THE TASK -> Look below for the line that contains "Now you'll notice", then quote it and all the lines after it, exactly, with the pictures left out.

SOURCE DATA ->
BEGIN

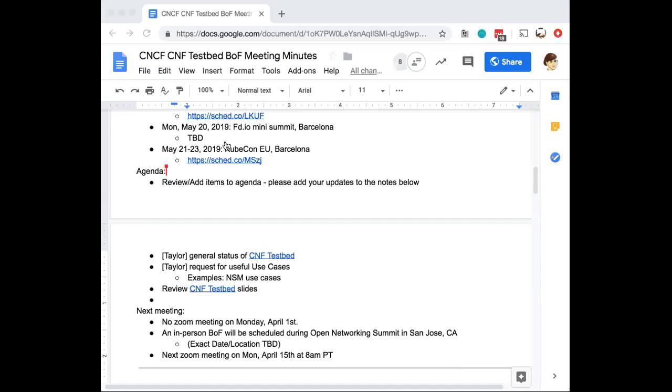Dan, do you have any specific topic you would like to discuss right now? I don't actually. I'd just be curious if any of the new folks on the phone have topics they want to jump in on.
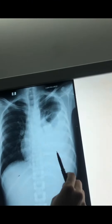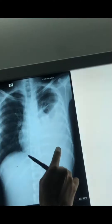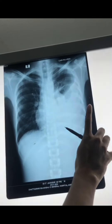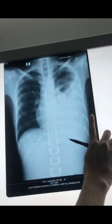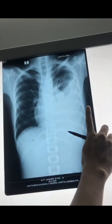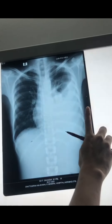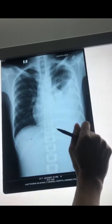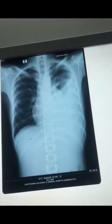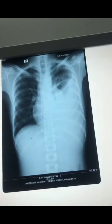Now, what is the differential diagnosis? The common causes include pneumonia, tuberculosis, pulmonary infection, and bronchogenic carcinoma. These are the common causes we can always consider.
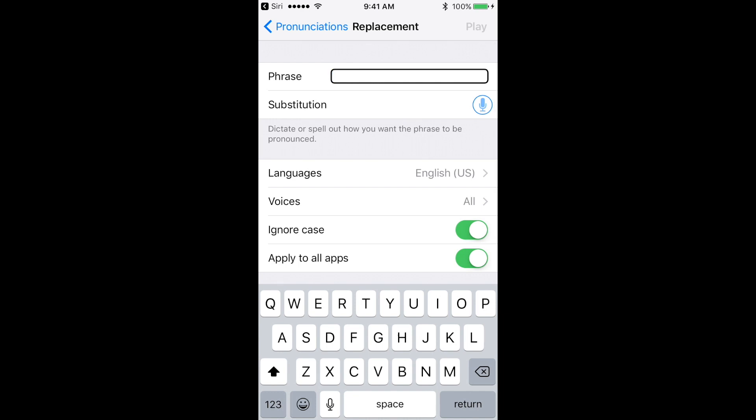Now you'll notice immediately I'm in a text field. The text field I'm in is the phrase text field. This is where I can type in the name of the word as it's spelled that I would like to change the pronunciation of. I'm going to spell this one using the keyboard, and gif is G-I-F, so I'm going to go ahead and type that in.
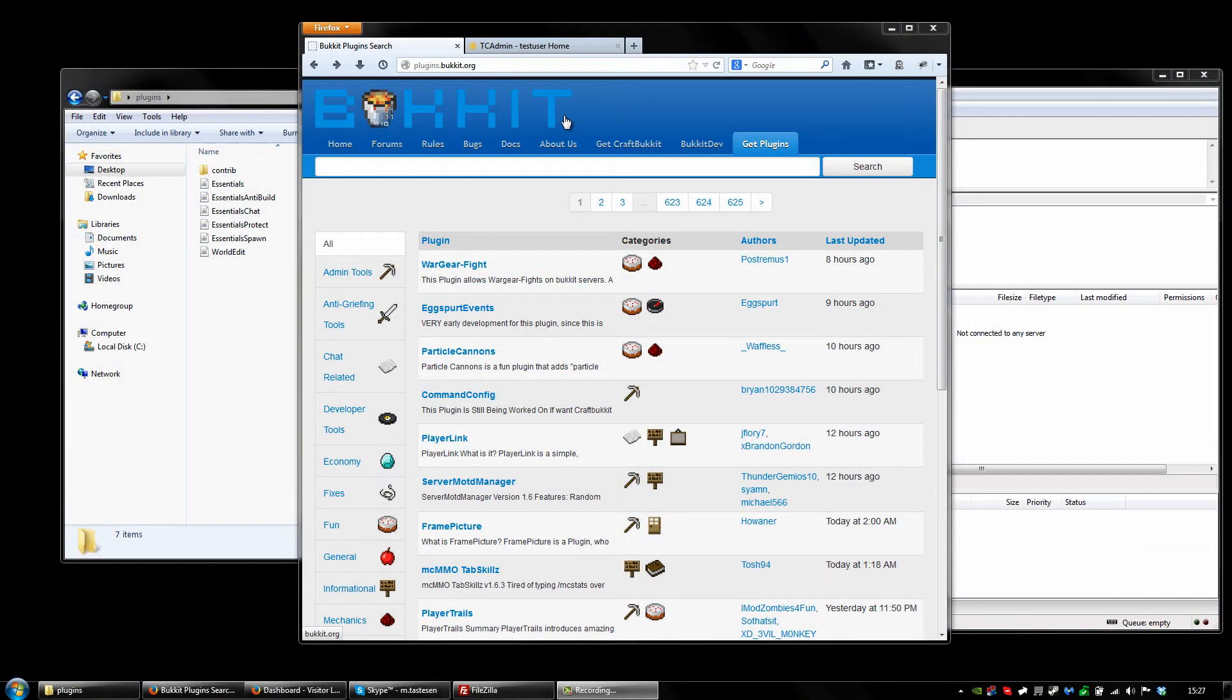What is up guys, it's Seller Servant Games for the Toots.com here. Today I want to show you how to install plugins on our TZ Admin hosted servers.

END

SOLVED PROBLEM ->
Now you'll notice immediately I'm in a text field. The text field I'm in is the phrase text field. This is where I can type in the name of the word as it's spelled that I would like to change the pronunciation of. I'm going to spell this one using the keyboard, and gif is G-I-F, so I'm going to go ahead and type that in.
What is up guys, it's Seller Servant Games for the Toots.com here. Today I want to show you how to install plugins on our TZ Admin hosted servers.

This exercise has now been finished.